Your copy should hold every record verbatim and none of the pictures.

***** Stored data *****

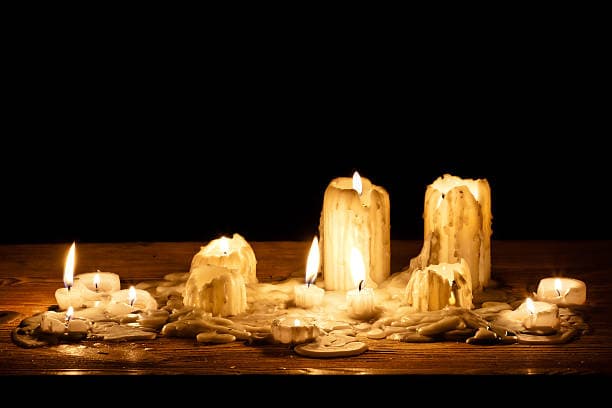 Lit candles of various sizes with melted wax pooling on a wooden surface against a dark background.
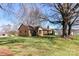 Spacious lawn surrounds this brick single-story home shaded by beautiful mature trees on a sunny day at 7770 Sherrills Ford Rd, Sherrills Ford, NC 28673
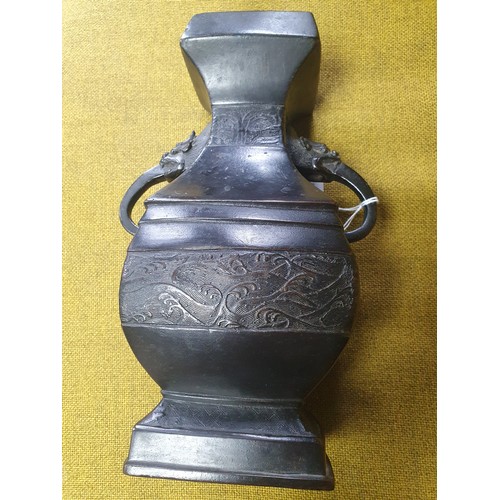 554 - Antique Chinese Bronze vase with Demon shaped handles and showing three bands with various designs. ... 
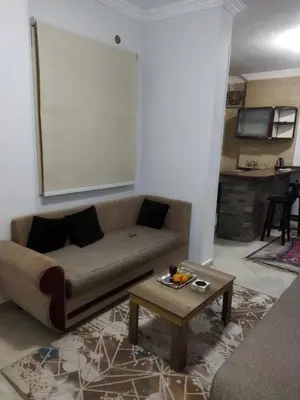 a living room with a couch and a coffee table at Hurghada city Apartment 4 in Hurghada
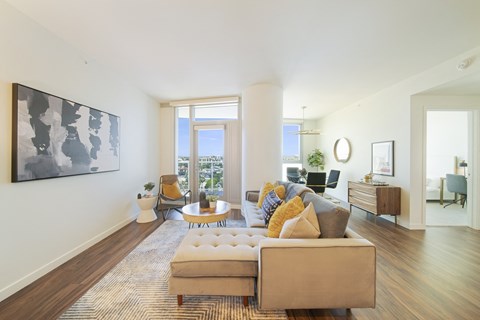 a living room with white walls and hardwood floors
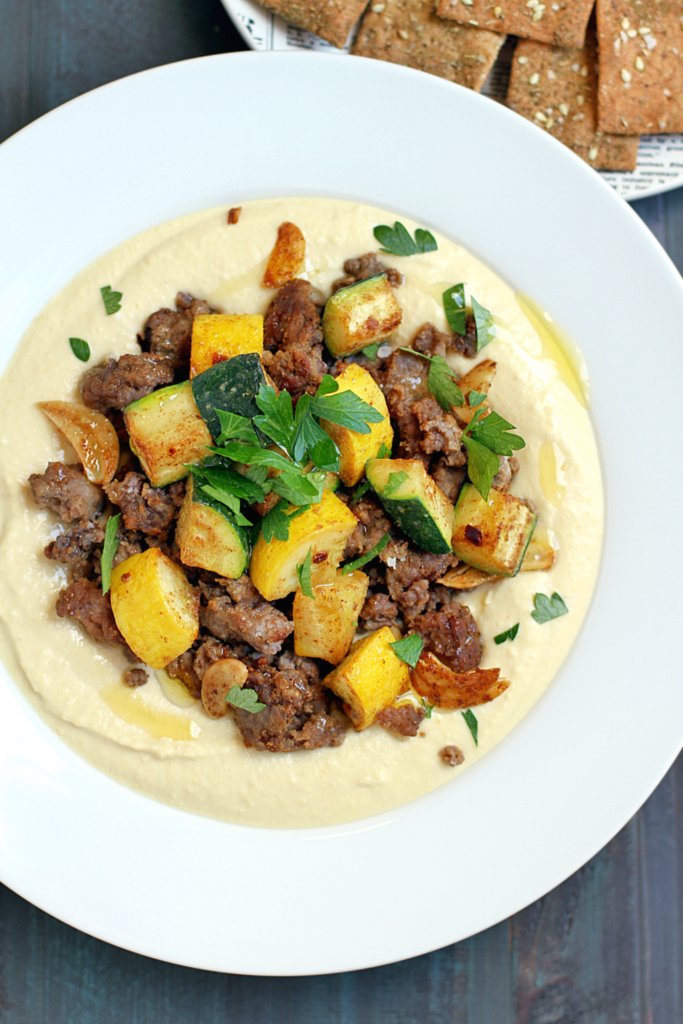 Close-up image of hummus with spiced lamb and summer squash.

*****

**Task answer**
 Lit candles of various sizes with melted wax pooling on a wooden surface against a dark background.
 Spacious lawn surrounds this brick single-story home shaded by beautiful mature trees on a sunny day at 7770 Sherrills Ford Rd, Sherrills Ford, NC 28673
 554 - Antique Chinese Bronze vase with Demon shaped handles and showing three bands with various designs. ... 
 a living room with a couch and a coffee table at Hurghada city Apartment 4 in Hurghada
 a living room with white walls and hardwood floors
 Close-up image of hummus with spiced lamb and summer squash.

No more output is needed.